Start with good ingredients. Ditch that E36 M3ty Wal-Mart meat and hit up a butcher or decent grinds from a medium to high end grocery store. I get my ground beef from my uncle, a dairy farmer. Its primo. Very lean, and he gets everything but the steaks ground, so there is tons of flavor and not as much lip and assmeat.
You can mix in a little worstechire, ketchup, eggs, breadcrumbs, cracker crumbs, or my favorite, raw oatmeal, into your burgers but then you are pretty much making meat loaf, which is different than a hamburger. Adding eggs to already fatty beef without a substrate like bread crumbs or oatmeal is just making the problem worse.
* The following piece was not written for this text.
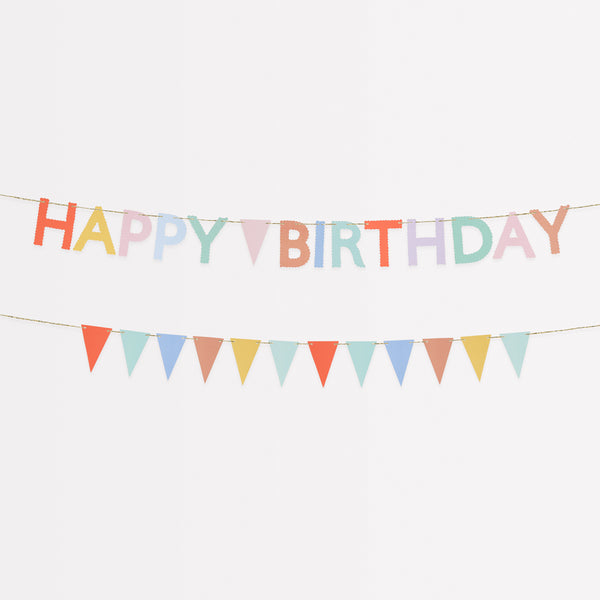 Our birthday garland set includes one that spells out Happy Birthday and another with flag pennants, in bright colors.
A burger press? Really? Make a tennis ball sized ball of meat in your hands, then pat it out until its flat and even. No wonder our country is going to crap. It would not surprise me that your press is actually giving you problems, introducing air pockets and discontinuities into your patties.
I also agree with the "leave them on the grille longer before flipping" They can cook almost all the way through from one side, they are not a steak so lower heat is your friend. Like a lowrider, low and slow! Flip with a spatula or flipper, not tongs. If they show even the slightest signs of falling apart, bail, close the grille, turn down the heat, and come back in 2 minutes or so.
One of the common mistakes to grilling is over-flipping. Get to know your grille, flip once, add cheese if thats your thing, pull them off. Dont be constantly lifting the lid and flipping.
Say it with me! Good food comes from good ingredients!